Bill for the dissolution and liquidation of S.A.S.

Article published on September 18 in the newspaper “La Republica”.

The House of Representatives is currently considering a very important bill submitted by Representative Héctor Vergara Sierra, by means of which "rules on dissolution and liquidation of simplified joint stock companies" are enacted.

This bill intends to modernize and make more flexible the dissolution and liquidation procedure of S.A.S., making it easier and more agile, thus contributing to promote the dynamism that is necessary in the corporate world, without sacrificing the rights of third parties.

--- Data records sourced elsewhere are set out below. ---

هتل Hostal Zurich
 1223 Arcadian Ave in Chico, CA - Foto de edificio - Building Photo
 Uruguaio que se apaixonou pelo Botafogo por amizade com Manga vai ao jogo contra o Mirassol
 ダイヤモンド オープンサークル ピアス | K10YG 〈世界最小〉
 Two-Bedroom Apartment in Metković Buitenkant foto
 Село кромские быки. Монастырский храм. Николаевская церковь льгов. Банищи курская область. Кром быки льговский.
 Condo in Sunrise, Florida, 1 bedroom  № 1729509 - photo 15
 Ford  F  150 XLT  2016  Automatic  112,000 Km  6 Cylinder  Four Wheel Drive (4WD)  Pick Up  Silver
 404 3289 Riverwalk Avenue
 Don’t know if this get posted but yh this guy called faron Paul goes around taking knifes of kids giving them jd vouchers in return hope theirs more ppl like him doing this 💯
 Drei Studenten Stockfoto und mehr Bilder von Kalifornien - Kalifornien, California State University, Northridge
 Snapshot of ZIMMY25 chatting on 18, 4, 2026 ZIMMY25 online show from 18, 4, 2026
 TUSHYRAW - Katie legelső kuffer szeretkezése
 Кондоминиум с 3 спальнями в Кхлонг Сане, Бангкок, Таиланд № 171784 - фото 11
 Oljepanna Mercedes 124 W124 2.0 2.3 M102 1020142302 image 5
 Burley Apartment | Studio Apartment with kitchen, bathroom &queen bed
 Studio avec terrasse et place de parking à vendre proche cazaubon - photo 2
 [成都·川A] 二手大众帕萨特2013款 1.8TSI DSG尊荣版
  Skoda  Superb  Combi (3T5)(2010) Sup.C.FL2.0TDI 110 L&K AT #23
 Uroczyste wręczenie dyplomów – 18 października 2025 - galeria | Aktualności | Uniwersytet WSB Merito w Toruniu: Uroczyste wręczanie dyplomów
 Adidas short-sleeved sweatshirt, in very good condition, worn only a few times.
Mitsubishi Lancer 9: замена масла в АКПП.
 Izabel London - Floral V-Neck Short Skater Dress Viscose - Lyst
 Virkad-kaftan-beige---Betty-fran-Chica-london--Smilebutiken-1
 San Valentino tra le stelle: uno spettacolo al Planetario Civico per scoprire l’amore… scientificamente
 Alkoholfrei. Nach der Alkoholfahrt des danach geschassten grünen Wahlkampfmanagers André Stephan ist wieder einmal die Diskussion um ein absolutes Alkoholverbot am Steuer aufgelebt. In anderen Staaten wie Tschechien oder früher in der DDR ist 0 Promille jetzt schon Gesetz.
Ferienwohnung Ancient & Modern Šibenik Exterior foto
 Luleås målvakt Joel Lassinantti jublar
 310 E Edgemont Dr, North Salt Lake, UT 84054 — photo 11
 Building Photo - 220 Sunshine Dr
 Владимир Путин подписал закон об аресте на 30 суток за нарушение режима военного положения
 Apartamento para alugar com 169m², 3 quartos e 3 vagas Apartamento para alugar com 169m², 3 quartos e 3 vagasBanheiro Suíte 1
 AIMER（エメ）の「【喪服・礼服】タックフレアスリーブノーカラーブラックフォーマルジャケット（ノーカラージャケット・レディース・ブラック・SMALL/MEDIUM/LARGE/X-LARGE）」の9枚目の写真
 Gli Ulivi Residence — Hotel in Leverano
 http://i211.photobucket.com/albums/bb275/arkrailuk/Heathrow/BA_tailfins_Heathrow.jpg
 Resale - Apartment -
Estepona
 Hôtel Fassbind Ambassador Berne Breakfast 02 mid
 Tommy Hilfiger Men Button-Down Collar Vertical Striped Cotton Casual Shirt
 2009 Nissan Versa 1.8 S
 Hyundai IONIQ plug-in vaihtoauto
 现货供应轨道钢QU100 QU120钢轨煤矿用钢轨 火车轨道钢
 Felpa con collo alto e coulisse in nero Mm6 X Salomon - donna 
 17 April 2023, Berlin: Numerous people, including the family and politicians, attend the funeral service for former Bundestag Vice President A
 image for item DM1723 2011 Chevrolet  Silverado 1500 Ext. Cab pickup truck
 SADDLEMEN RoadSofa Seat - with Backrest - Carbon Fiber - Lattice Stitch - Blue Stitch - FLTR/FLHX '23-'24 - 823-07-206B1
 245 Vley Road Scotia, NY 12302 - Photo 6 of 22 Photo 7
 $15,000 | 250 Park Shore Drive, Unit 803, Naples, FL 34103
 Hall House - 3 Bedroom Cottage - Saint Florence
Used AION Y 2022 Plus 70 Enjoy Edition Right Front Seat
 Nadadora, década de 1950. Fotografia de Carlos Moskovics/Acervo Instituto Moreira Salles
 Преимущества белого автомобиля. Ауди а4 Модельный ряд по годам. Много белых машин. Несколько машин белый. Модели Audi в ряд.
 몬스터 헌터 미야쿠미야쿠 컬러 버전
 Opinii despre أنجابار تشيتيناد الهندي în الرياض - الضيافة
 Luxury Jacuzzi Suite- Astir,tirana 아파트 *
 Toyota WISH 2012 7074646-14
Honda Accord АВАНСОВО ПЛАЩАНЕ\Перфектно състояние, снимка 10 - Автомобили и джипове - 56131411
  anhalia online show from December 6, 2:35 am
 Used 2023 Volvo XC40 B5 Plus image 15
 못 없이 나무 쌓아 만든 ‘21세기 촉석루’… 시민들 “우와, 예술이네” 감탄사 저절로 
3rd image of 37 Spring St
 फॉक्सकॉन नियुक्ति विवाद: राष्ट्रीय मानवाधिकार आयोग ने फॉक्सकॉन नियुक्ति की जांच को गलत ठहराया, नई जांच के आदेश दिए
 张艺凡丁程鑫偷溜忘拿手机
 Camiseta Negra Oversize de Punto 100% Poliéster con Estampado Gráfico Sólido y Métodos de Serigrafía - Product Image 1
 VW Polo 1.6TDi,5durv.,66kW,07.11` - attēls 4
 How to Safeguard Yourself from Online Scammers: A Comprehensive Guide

According to the explanatory memorandum of the Project, the current corporate liquidation regime established in the Code of Commerce (and applicable -mostly- to the S.A.S. by virtue of the express remission established in Article 36 of Law 1258 of 2008) is a procedure plagued with formalities that contribute little or nothing to facilitate business development and that, therefore, distort the very essence of the S.A.S., which is the corporate simplification to be able to carry out business ventures. This absence of expeditious liquidation procedures, according to the explanatory memorandum, has generated the congestion of the registries kept by the Chambers of Commerce, the increase in the tax liability (and social security) of the company due to the non liquidation of the company, the transaction costs, the increase in the liability of the administrators and the conflicts between shareholders due to the lack of definition of the liquidation process and the passage of time.

The project introduces significant changes and takes up institutions regulated in other norms, simplifying them and adapting them to the philosophy of the project.

The main pillars of the project are the simplification of the liquidation process, the possibility of continuing operations in the development of its corporate purpose, the differentiation between companies with and without external liabilities, the differentiation between micro-enterprises and other companies, the differentiation between companies in cessation of payments and "private liquidation", the mechanisms of additional adjudication, the possibility (already existing, but cumbersome) of reactivating the company, the possibility of contractually limiting the liability of the liquidators, the limitation of liability of the shareholders, the lack of a term for concluding the liquidation, the public registry of electronic commerce and the mechanism for resolving disputes in this matter. Given the length of the project and the limited space of this column, we will highlight three of the aspects regulated by the norm: the contractual limitation of the liability of the liquidators, the possibility of continuing the corporate operations once the company is dissolved and the corporate reactivation.

The first is a triumph of the private autonomy of the will and the recognition that, unless the rights of third parties are violated, individuals may regulate their private relations in a broad manner. The second is the triumph of reason, since the dissolution of the company necessarily implies being able to continue and conclude the contracts and businesses that have been entered into prior to the entry into such state, unless otherwise decided by a court. The third is the triumph of reasonableness, by perfecting an existing institution since Law 1429/2010 but simplified and devoid of certain requirements and decision-making majorities that hindered its development.